PHA-Exch> WHO press release: Inequities are killing people on a "grand scale"

Claudio Schuftan cschuftan at phmovement.org
Sat Sep 6 08:37:35 PDT 2008


Inequities are killing people on a "grand scale" reports WHO's Commission
http://www.who.int/social_determinants/final_report/en/index.html

Press release
28 August 2008

28 August 2008 | GENEVA -- A child born in a Glasgow, Scotland suburb can
expect a life 28 years shorter than another living only 13 kilometres away.
A girl in Lesotho is likely to live 42 years less than another in Japan. In
Sweden, the risk of a woman dying during pregnancy and childbirth is 1 in 17
400; in Afghanistan, the odds are 1 in 8. Biology does not explain any of
this. Instead, the differences between - and within - countries result from
the social environment where people are born, live, grow, work and age.

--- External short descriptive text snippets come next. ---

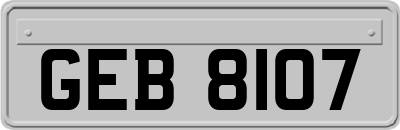 GEB8107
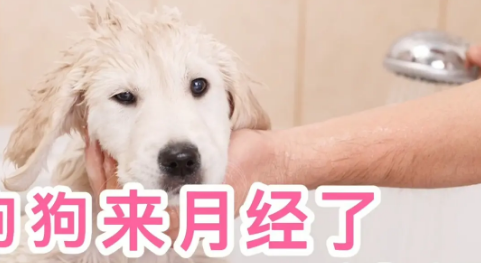 怎么知道狗狗月经结束?速速来了解! 怎么知道狗狗月经结束?速速来了解!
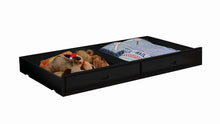 Load image into Gallery viewer, Chapman Collection - Chapman Storage Trundle Black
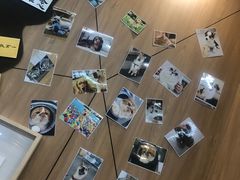 -爱妮康宠物医院·干细胞免疫细胞·肿瘤·心脏(张江店)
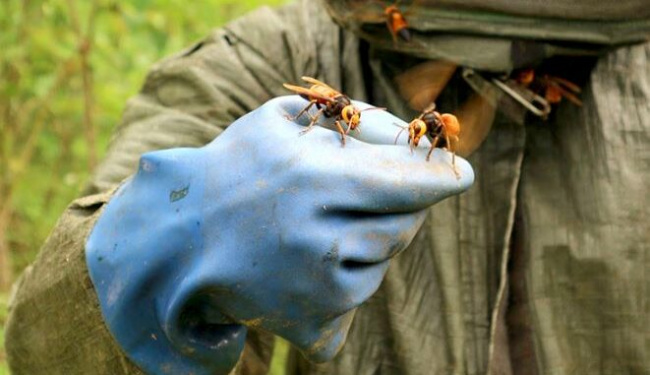 Animals in Vietnam with dangerous venom are now a “money mine”, hunting people sell half a million/kg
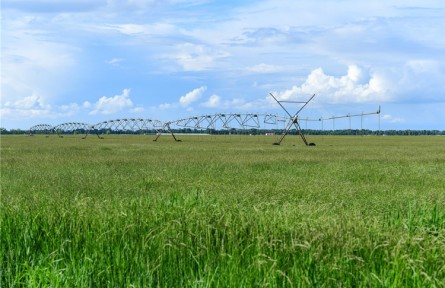 科技興草  科爾沁草業(yè)發(fā)展、草原“逆襲”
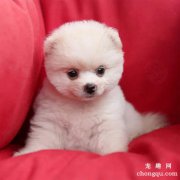 冬天博美犬怎么养护？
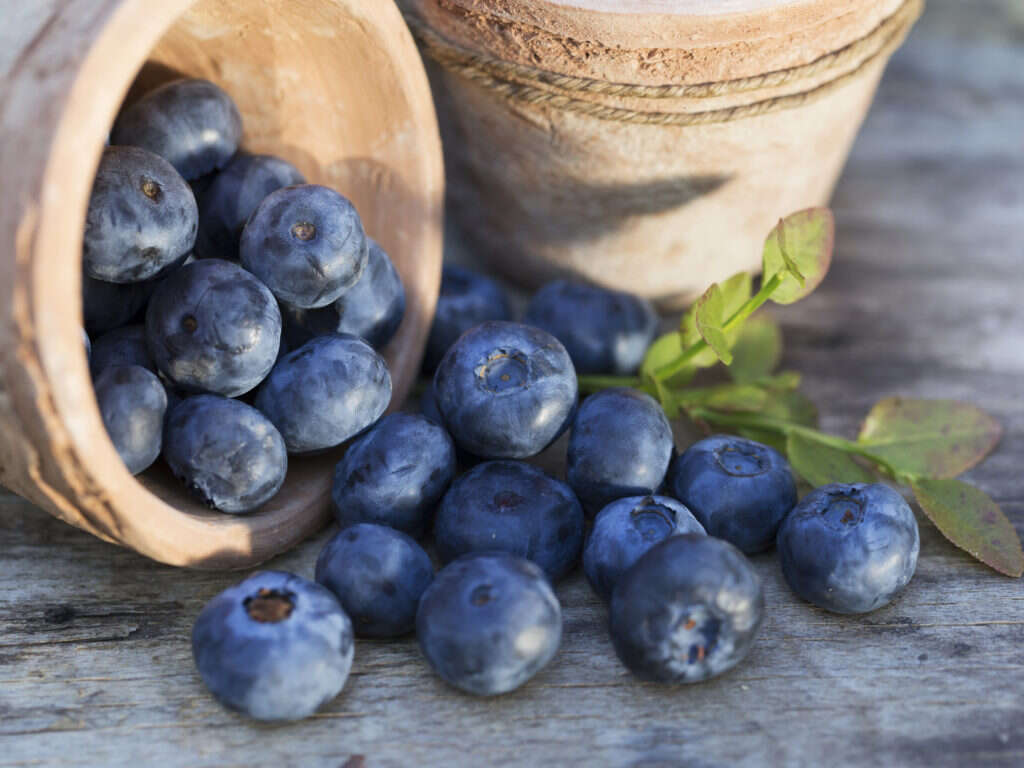 10 Foods High In Antioxidants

These "social determinants of health" have been the focus of a three-year
investigation by an eminent group of policy makers, academics, former heads
of state and former ministers of health. Together, they comprise the World
Health Organization's Commission on the Social Determinants of Health.
Today, the Commission presents its findings to the WHO Director-General Dr
Margaret Chan.

"(The) toxic combination of bad policies, economics, and politics is, in
large measure responsible for the fact that a majority of people in the
world do not enjoy the good health that is biologically possible," the
Commissioners write in Closing the Gap in a Generation: Health Equity
through Action on the Social Determinants of Health. "Social injustice is
killing people on a grand scale."

"Health inequity really is a matter of life and death," said Dr Chan today
while welcoming the Report and congratulating the Commission. "But health
systems will not naturally gravitate towards equity. Unprecedented
leadership is needed that compels all actors, including those beyond the
health sector, to examine their impact on health. Primary health care, which
integrates health in all of government's policies, is the best framework for
doing so."

Sir Michael Marmot, Commission Chair said: "Central to the Commission's
recommendations is creating the conditions for people to be empowered, to
have freedom to lead flourishing lives. Nowhere is lack of empowerment more
obvious than in the plight of women in many parts of the world. Health
suffers as a result. Following our recommendations would dramatically
improve the health and life chances of billions of people."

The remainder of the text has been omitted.